ABOUT ME
I am a fourth-year Ph.D. student in the Department of Electrical and Computer Engineering at the University of Wisconsin–Madison, advised by Prof. Tsung-Wei (TW) Huang. My research focuses on task graph partitioning, parallel computing, and design automation. My programming skills mainly include C/C++ and CUDA C++. Recently, I have been working on memory-bound GPU acceleration problems, including FDTD simulation and SSTA. With strong support from my research group and collaborators, I have published papers at top-tier conferences including DAC, ICCAD, and ISPD. Outside of research, I enjoy driving manual cars in my free time — save the manuals!
Experiences
- Worked on GPU-accelerated Statistical Static Timing Analysis.

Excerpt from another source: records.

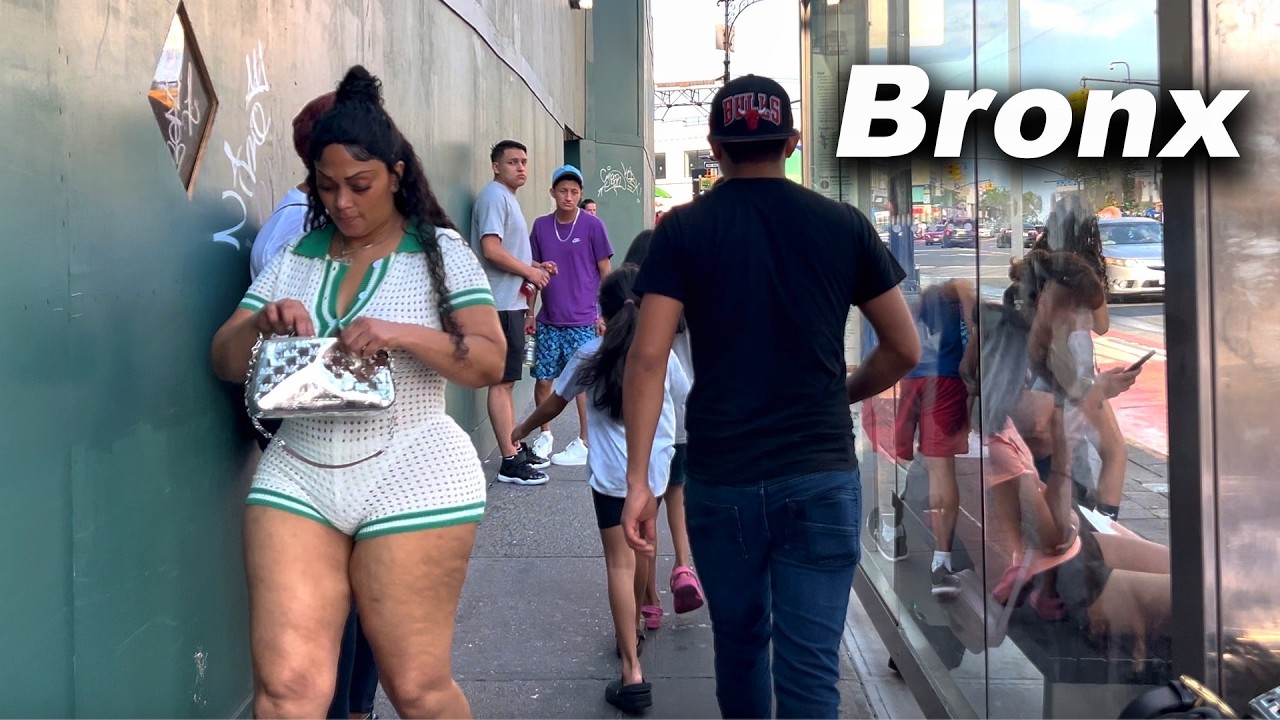 New York City Summer Walking Tour 2024 in Bronx Fordham Road - Bronx New York City Walking Tour 2024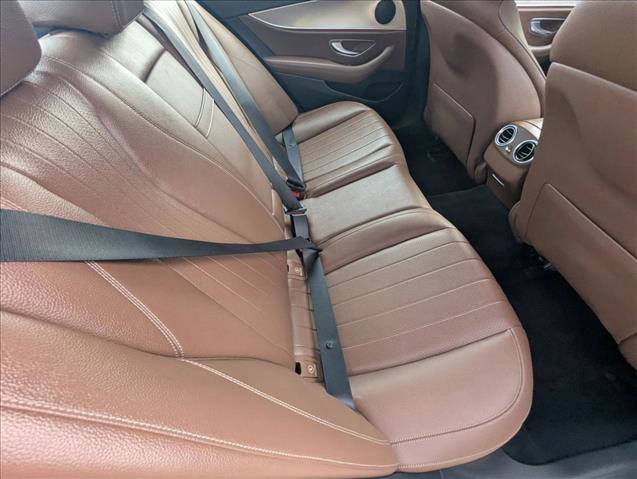 Used 2017 Mercedes-Benz E 300 image 21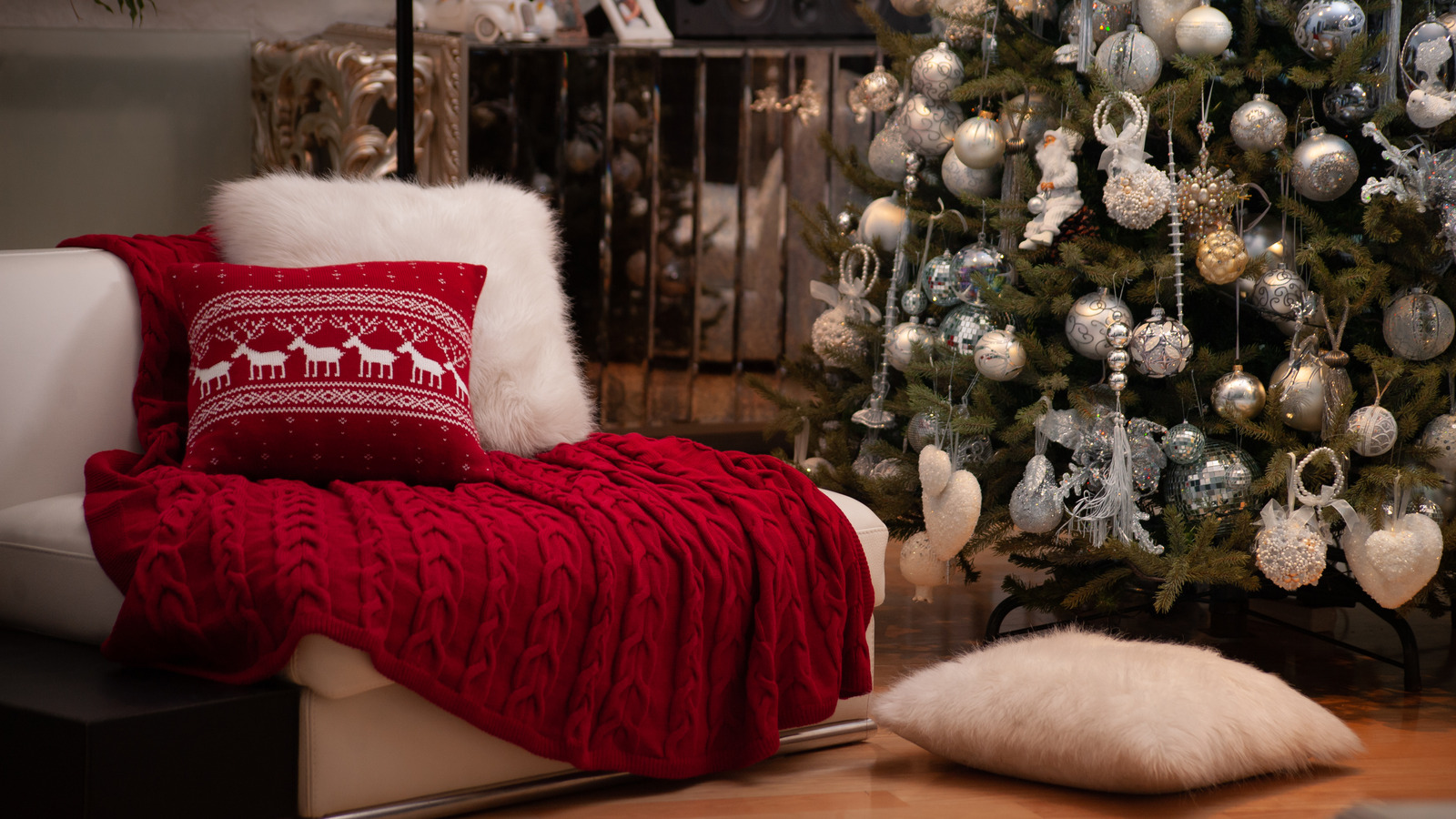 https://www.housedigest.com/img/gallery/give-your-living-room-a-cozy-christmas-update-with-jenn-todryks-simple-tip/l-intro-1701384400.jpg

- Designed PASTA, a fast task-graph partitioner for static timing analysis (STA), with both a parallel CPU version (C-PASTA ISPD’24) and a GPU version (G-PASTA DAC’24). PASTA aims to reduce task-scheduling overhead by partitioning the original task graph into a smaller graph without affecting too much its parallelism.
- Designed iTAP, an incremental task graph partitioner for STA built on top of PASTA (ASP-DAC’25). iTAP aims to further reduce the partitionig runtime by incrementally updating the partitioned task graph, avoiding fully repartition the entire graph when only a small portion of the graph changes.
- Implemented an efficient GPU kernel for Finite-Difference Time-Domain (FDTD) simulation that applies diamond tiling to exploit temporal data reuse in shared memory, achieving ~40% speedup over a state-of-the-art implementation on a 4M-cell problem.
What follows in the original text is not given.